Сам факт действия инициативных групп, особенно если они настроены конструктивно, приводит к изменению качества жизни. К примеру, в столице массовый поход молодых независимых ребят в муниципальные советы — это качественный сдвиг. Конечно, кого-то перекупят, кого-то втянут во власть. Но это шажок, причем для многих неожиданный.
Люди находятся. Надо поверить, что они есть. Мой опыт показывает, что эти знаменитые 3,5% — те, у кого есть руки, голова, еще и сердце впридачу, — есть всегда. Надо их выявить и создать условия, чтобы они могли реализоваться.
Без большой беды большой перетряски не будет. А большая экономическая беда не за горами.

– Допустим, модель цивилизации, построенная на неуклонно растущем потреблении, окончательно себя дискредитирует и рухнет. Но что придет ей на смену?

– Возможна реформация в стиле квакеров. Функциональность, долой искусственное старение предметов, даешь возвращение надежных вещей. Не так это просто. Но могучие замки рушатся под внутренним давлением. Как и наш собственный Советский Союз — кто ж предвидел?
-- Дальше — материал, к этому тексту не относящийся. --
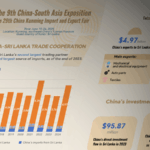 PLO38SEEBVB8LG9T85S4 - 🌍NewspaperAmigo – Your Global News Buddy 🗞️ China & Sri Lanka Boost Trade Ties with 30% Surge 🌏💼
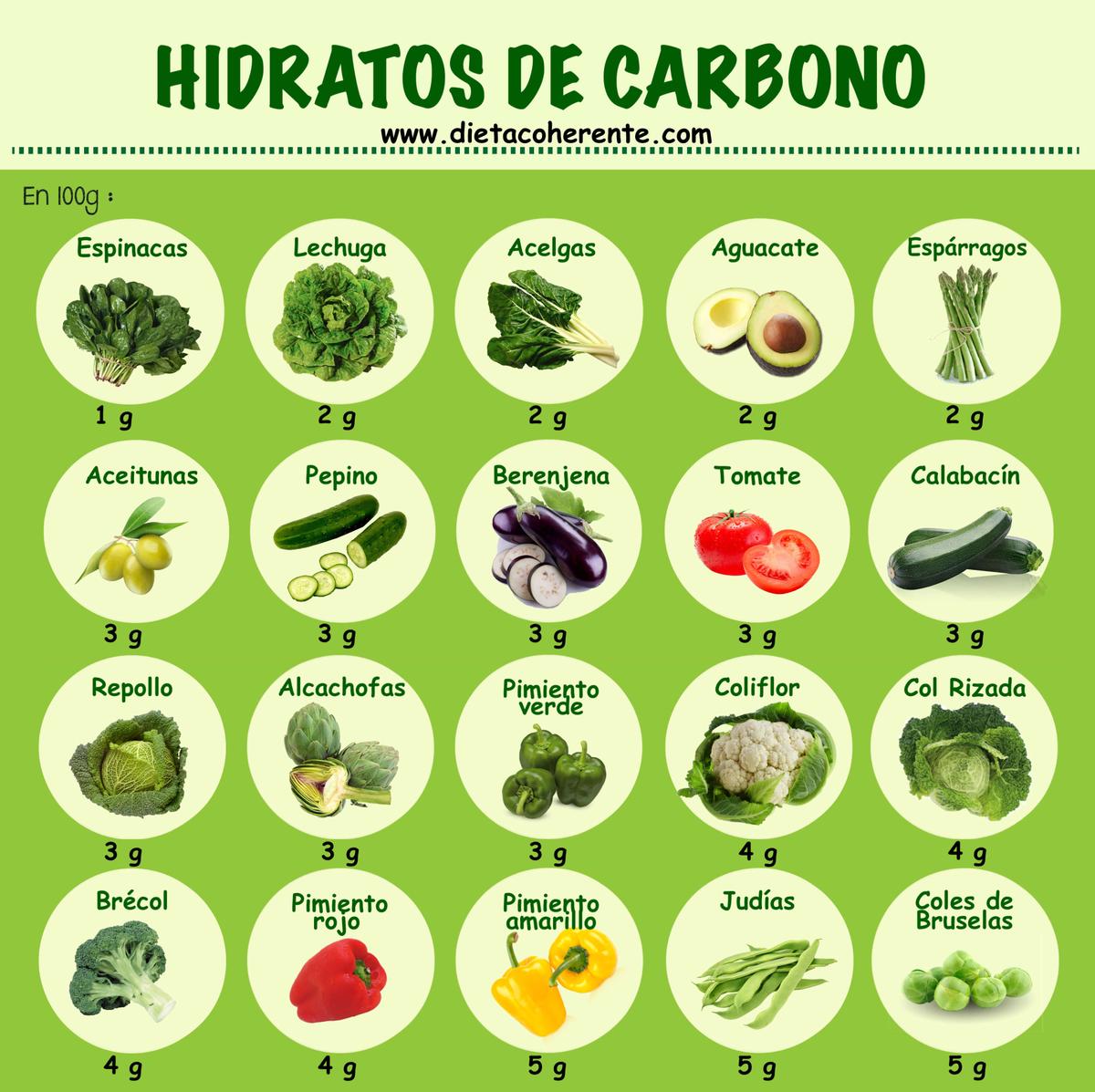 Dieta Lowcarb. Hidratos de carbono en verduras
Все возможно, и даже война возможна, уже не столько из-за нефти, сколько, к примеру, из-за воды. Господствует неопределенность. Пока понятно лишь, что удержаться в нынешнем векторе не получится — ресурсов не хватит.

– То есть здоровые силы общества консолидируются только в режиме выживания?

– Я такое состояние называю «конструктивным отчаянием»…

Беседовал Дмитрий Синочкин 

к сведению

Вячеслав Леонидович Глазычев родился в 1940 году в Москве. Отец — кинодраматург, погиб на фронте. Мать работала библиографом.

В 1957 году закончил английскую спецшколу №1 Мосгороно. В 1961–1962 годах учился в Варшаве. В 1963 году окончил МАРХИ; занимался проектированием.

В 1969 защитил кандидатскую диссертацию о социальной функции современного дизайна. С 1970 по 1984 г. заведовал отделом социальных проблем НИИ теории и истории архитектуры.

В 1977 выпустил книгу «Организация архитектурного проектирования». В середине 80-х вел экспериментальные программы развития в Тихвине, Набережных Челнах и Елабуге, организуя взаимодействие жителей и властей.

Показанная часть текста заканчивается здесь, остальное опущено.